I took a deep breath, letting my lungs fill with the clean mountain air, and wondered how many people ever get to experience such a beautiful and remote place, let alone start a new year there. Gazing at the sun rising over the mountains, I considered the things I’ve accomplished so far. In my lap was my debut novel The Taste of Ginger, a childhood dream that had finally come true in 2022.
I have been overwhelmed by the number of immigrants who have reached out to share that my novel made them feel seen and understood. And by the number of non-immigrants who have said that the book made them think more deeply about the experiences of immigrants in America. With the launching of that book, I felt like I had found my purpose and it has given each day since so much meaning.
I’ve worked hard, so that now – in the prime of my life – I can focus on exploring new cultures
My second novel will be released in January 2023, giving me the confidence to know I can – and will – continue to craft the underrepresented stories that matter to me. I worked hard in my first career so that I have the option to retire from my corporate life now – in the prime of my life – and focus on exploring new cultures and meeting new people.
Sitting on that mountaintop, I reflected on some of the challenges I’d faced in getting to this place. There have been issues with my health and heartbreaks. Loved ones who were taken from this earth too soon. Friends who have come and gone. Periods of financial insecurity during my childhood. And the overarching emotional and psychological toll of living as an outsider in North America.
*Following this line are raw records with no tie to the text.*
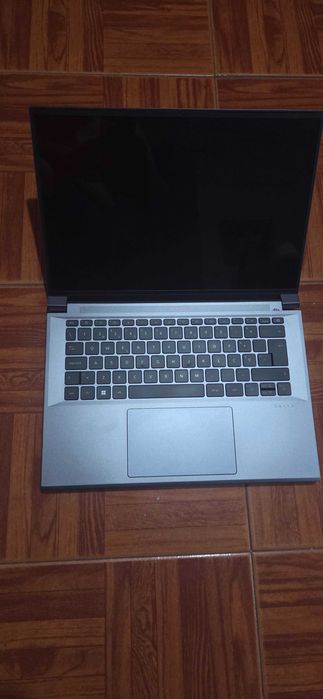 Acer Swift X 14 i7 13700H RTX 4050 16GB RAM 120hz quase novo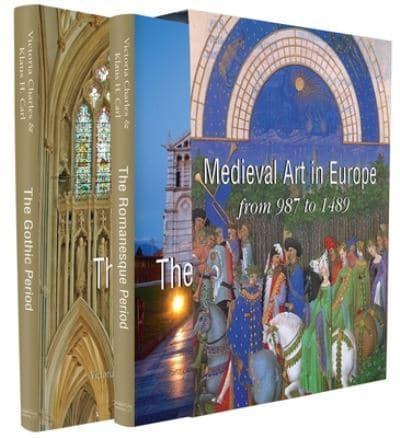 Medieval Art in Europe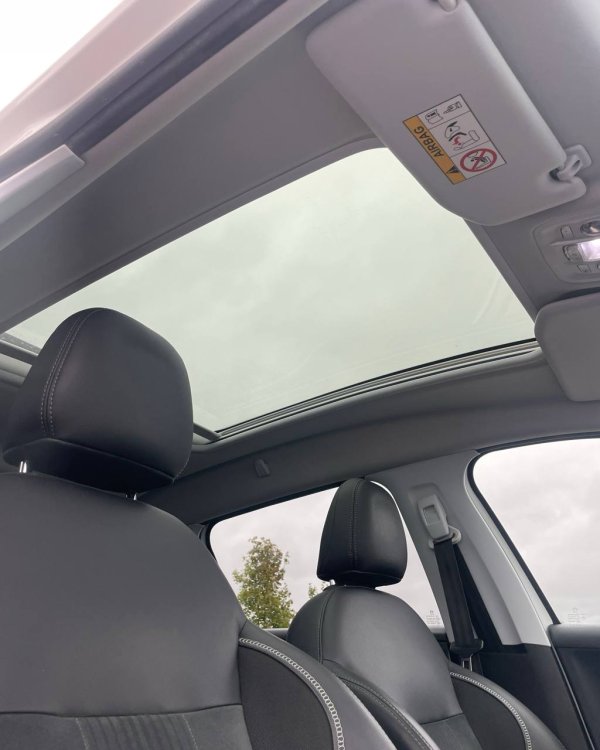 Peugeot 2008 I · Рестайлинг - Image 13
No matter how difficult, I knew that each of these experiences brought me to this exact moment, this life, this perspective… and most importantly, as a woman embarking on a new career as a writer, they gave me something to really say.
No matter how difficult, those experiences brought me to this exact moment
I have traveled to over 70 countries so far – each one changing and shaping me – and I am so grateful to have had those opportunities for growth. I can’t ignore the fact that these adventures, early retirement, and ability to now launch a writing career that challenges and inspires me, wouldn’t have been possible if I hadn’t been single and child-free at this stage of my life.
While I’d love to meet that perfect-for-me partner one day, I told myself long ago that I had to build a foundation upon which I was dependent on myself for my happiness and strength – and I’m proud that I’ve done that. I didn’t want to wait for someone or something that wasn’t guaranteed before I started living.
Meeting others on the unconventional path has fed my soul and fueled me to keep going
The unconventional path can be lonely at times with so few people on it. But when I’ve encountered others on that same journey, the depth and meaning of those relationships has fed my soul and fueled me to keep going and explore what happens next.
I didn’t end up with the husband, the kids and the white picket fence that a younger version of me assumed I’d have at this age. But I couldn’t have had those things and still ended up where I am today.
The life I’ve created is fulfilling in unexpected ways – and I wouldn’t trade it for anything. I can’t wait to see where future adventures will take me now that I’ve learned to release the expectations of others, breathe deeply regardless of where I am, and forge my own path on the road less traveled.